After an hour, we were deep in side a wadi and headed towards a well, and by well, I mean a deep, dark hole in the desert floor with several hoses sucking out water and spitting it into a rusty, white bathtub. Thing was, another flock of sheep beat us to it. My new Bedouin friend introduced me to his Bedouin friend, whose flock was gulping up the water and bah-ing listlessly. Unlike my boy, Bedouin number 2 spoke no Hebrew whatsoever. His name sounded something like ‘Bri-Ane,’ so naturally I asked if his name was Brian, and he shot me a stare blanker than a piece of white computer paper.
The two sheepherders spoke for a few moments, their heads rapidly turning between each other and the herds of goat and sheep. I quickly discerned that they were discussing tactics, the practicality of shifting one entire herd around the other in the narrow wadi floor.
The conversation over, my young friend ran up a hill and quickly disappeared, his voice then calling to his sheep either “Bo! Bo!” or “Ayayayayay.” That left Bedouin of No Hebrew, about 80 sheep and goats and me, meaning none of the 82 of us could communicate whatsoever.
The Bedouin motioned for me to join him standing between the two herds and I gladly obliged; until then, I’d been petting sheep and staring in disbelief at goat balls. With a series of no-word motions, here’s what Bri-Ane taught me: the best way to keep the herds separate was to use loud noises, including ones like “Hey! HEY!” and “Yah, yah, yah, yah!” and rocks, which we were to pick up and throw at any animals trying to cross the invisible barrier between the groups.

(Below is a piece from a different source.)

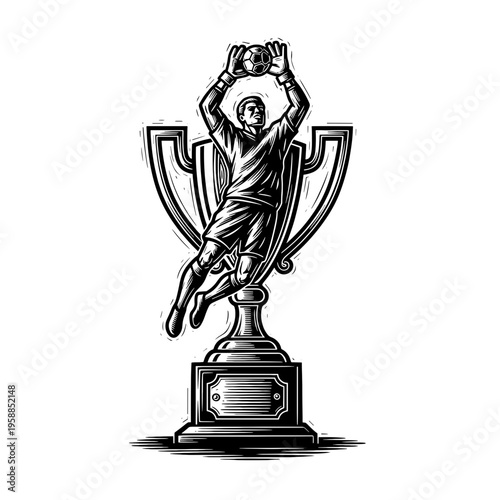 Vetor Pinocut A unique illustration of a goalkeeper grasping the ball, depicted within a trophy.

So we went to work, my Bedouin friend calling to his flock from behind a hill somewhere, and No-Hebrew and I shouting at sheep and chucking fist-sized rocks at misbehaving goats and ornery sheep. As an amateur, and someone raised with the phrase ‘animal cruelty’ in my vocabulary, my rocks were merely tossed gently towards the poor, ignorant animals; the professional, on the other hand, treated each animal like a catcher’s mitt, jettisoning dusty rocks at loudly bah-ing livestock. I think he got some satisfaction out of each target he hit, and the resulting, utterly shocked “BAH-AH-AH.” But maybe that’s just part of the job. Ten minutes later, flock one and flock two had successfully untangled themselves; No Hebrew gave me a thumbs up and waved, then said his only English word of the day, “Bye!” My 15-year-old buddy’s flock was drinking water from the tub, pushing each other out of the way for a probably warm sip like, well, animals. And I realized it was time to go. “Aich ani holech l’Arad?” I asked, wondering which direction would take me back home the quickest.
He laughed and shook his head.
“L’mallah,” he said, pointing to the sky. Up.
It wasn’t really until that moment that I realized my walk with the Bedouin had snaked into such a deep wadi, it’s walls shooting up on either side of us. But the dude was probably right, and short of retracing my steps for the next 2 hours, I had to get home the way he suggested. So I shook his hand, said my goodbyes (to the teen and the sheep and goats) and set off trekking up the steep side.
The kid was right, too — the only direction I needed was ‘up.’ When I’d climbed to the top of the valley’s edge and up to the peak of the connecting hill, there it was: Arad in the not-so-distant distance. I began the walk home, the sun just starting to set in the late afternoon, and made it back before the break fast.
And that’s how a Bedouin taught me how to herd sheep.